Julienne poussa aussitôt des cris d'orfraie sans souci de faire scandale.

– Moi, malade ? C'est pas vrai ! Y a pas si longtemps qu'un chirurgien-juré du Châtelet m'a examinée et m'a dit que j'étais fraîche comme la rosé. Et comme après j'étais tout le temps enfermée à l'Hôpital général, avec quels hommes voulez-vous que je les aie attrapées, vos maladies ? Mâme Angélique, au secours ! Écoutez ce qu'y dit !... Y dit que j'suis pourrie !

– Cette femme est malade, réitéra Colin, prenant Angélique à témoin, regardez la tête qu'elle a.

En effet, le visage joufflu de la Bile était d'une vilaine couleur cireuse, et des cernes sombres marquaient ses yeux, à croire qu'elle s'était mis du khôl. Son regard brillant dénonçait une fièvre intense.

– Je ne crois pas qu'elle soit malade, dit Angélique, mais je suis persuadée qu'elle a été blessée dans le naufrage. Elle n'a cessé de refuser de se laisser soigner. Or, sa blessure s'aggrave. Allons, Julienne, laissez-vous panser, vous risquez votre vie...

– Allez vous faire f..., répliqua grossièrement la fille.

Angélique lui administra une paire de gifles qui l'envoya rouler à terre illico. En fait, la pauvre malheureuse ne tenait plus sur ses jambes.
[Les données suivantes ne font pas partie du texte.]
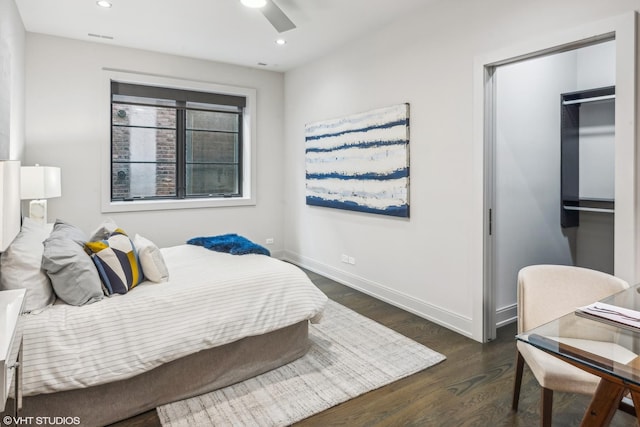 bedroom with ceiling fan, baseboards, wood finished floors, and recessed lighting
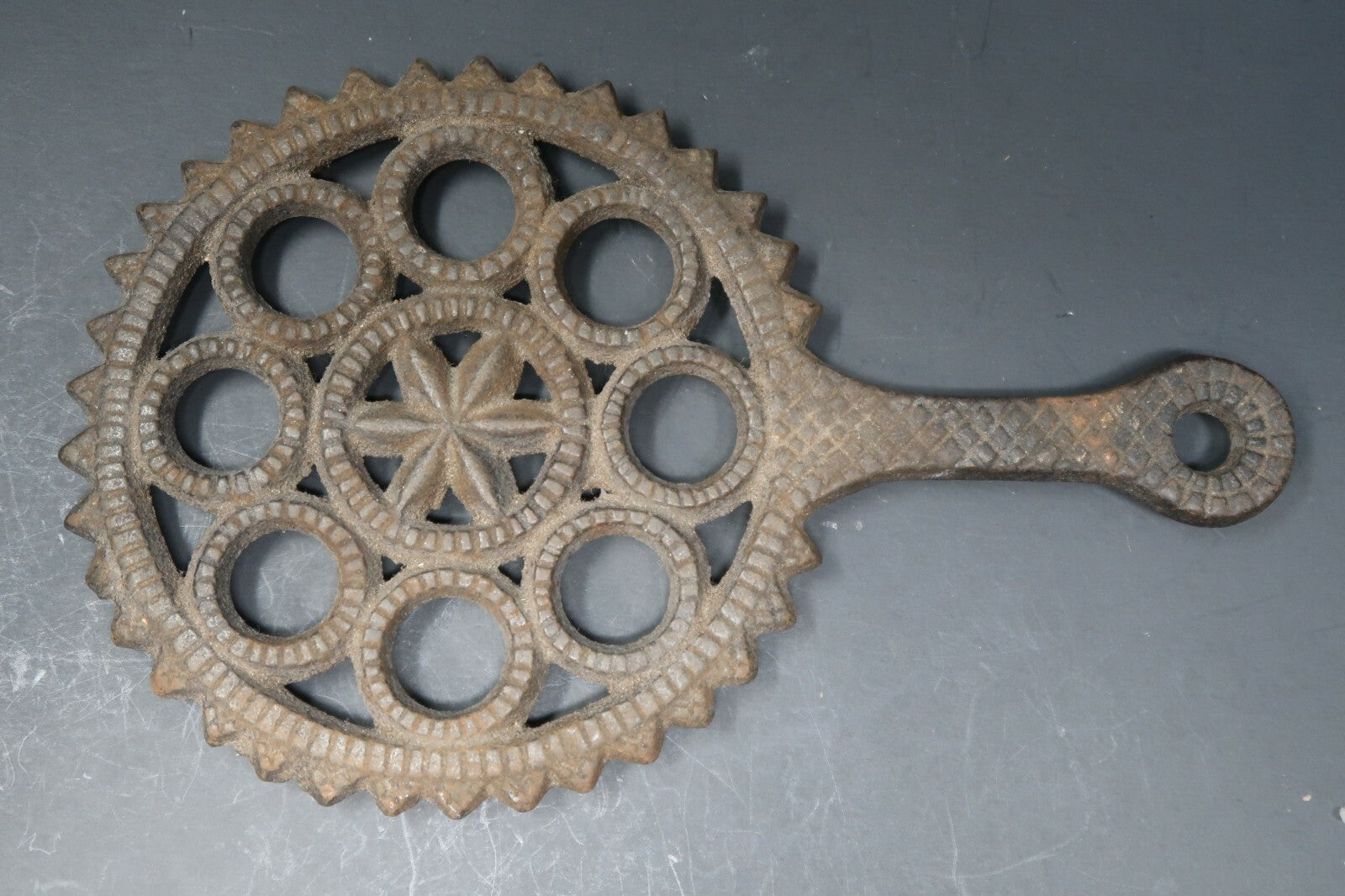 Vintage Cast Iron Trivet 3 Footed L 9" x W 6"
– Laisse-toi donc soigner, conclut Colin, sinon pas de quartier. Je te rembarque ce soir même avec les gars du Sans-Peur.

Julienne, à terre, paraissait vaincue et inspirait la pitié. Ses yeux affolés cherchaient avec panique une issue.

– C'est que j'ai peur, moi, se plaignit-elle, à bout d'arguments. Vous allez me faire mal à me charcuter.

La voix de crécelle d'Aristide Beaumarchand, qui s'était faufilé on ne sait comment dans la grange, s'éleva derrière leur groupe.

– Pas avec elle, ma belle ! Vous n'aurez pas mal avec elle, je m'en porte garant. Y a pas une guérisseuse qui ait la main plus légère. Reluquez-moi ce boulot. Cousu main, j'vous dis.

Il dénouait d'un doigt preste les aiguillettes de son haut-de-chausses et exhibait aux yeux de Julienne, fascinée par son autorité, son triste ventre pâle traversé de part en part d'une longue estafilade violette.

– Admirez-moi ça ! Eh bien, c'est elle, cette dame Angélique qui m'a recousu avec du fil et une aiguille, oui, parfaitement, ma belle. J'avais toutes mes tripes sur le sable. J'étais foutu, quoi !

– Pas possible ! s'écria la Julienne, accompagnant son exclamation de jurons bien sentis.

– Comme je vous le dis. Eh bien, voyez-moi cela aujourd'hui. Et c'qu'y a par en dessous, c'est encore gaillard et à votre service, ma belle !

– Assez de gaudrioles, interrompit Angélique voyant la tournure que prenait la démonstration. Aristide, vous êtes un vaurien, et même la Fille du Diable ou la pire des garces, je ne l'encouragerais pas à vous fréquenter. Ce serait encore trop bon pour vous et trop mauvais pour elle.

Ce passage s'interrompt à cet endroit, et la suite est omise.